By a lucky happenstance, my rendition of the dough turned out to be way off the mark. I knew it was, since the directions and pictures accompanying the recipe showed the dough being kneaded by hand, and formed into a traditional round before final rise and backing.
My dough, and I followed proportions I thought, exactly, was too soft to form a ball in the mixer and I could tell the amount of additional flour to make it stiff enough to remove from the bowl was going to make it a very different recipe. I decided to go ahead with the recipe as given, and I just let the mixer knead the dough, then added all the spices and candied fruits and let it do a final knead.
I scooped the very loose into a square ceramic container and let it rise. It was quite cool in the house and the final rise took about four hours (my yeast may have been a little weak). And the dough was still quite soft when I popped it in the oven.
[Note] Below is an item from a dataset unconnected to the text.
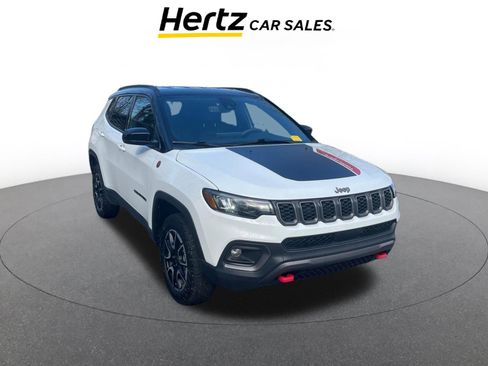 Used 2025 Jeep Compass Trailhawk image 1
I worried it was going to be a failure and wondered if the problem was in the recipe conversion from metric to English (the recipe in Italian would almost certainly have given flour as a weight not a volume, anyway) and I waited for it to brown in the oven.
Well, it turned out looking totally unlike the round bread that had been pictured, but instead I ended up with a sweet brioche-like loaf, stuffed with fennel seeds, cardamom and candied grapefruit (home made by Shmoopy!) and it is just delicious! More of a fresh and dense panettone I would say. Better than any of the store bought panettone, that’s for sure.
I’ve got to bookmark that magazine article and note that it is a very soft dough to be risen and baked in a dish. Squisito!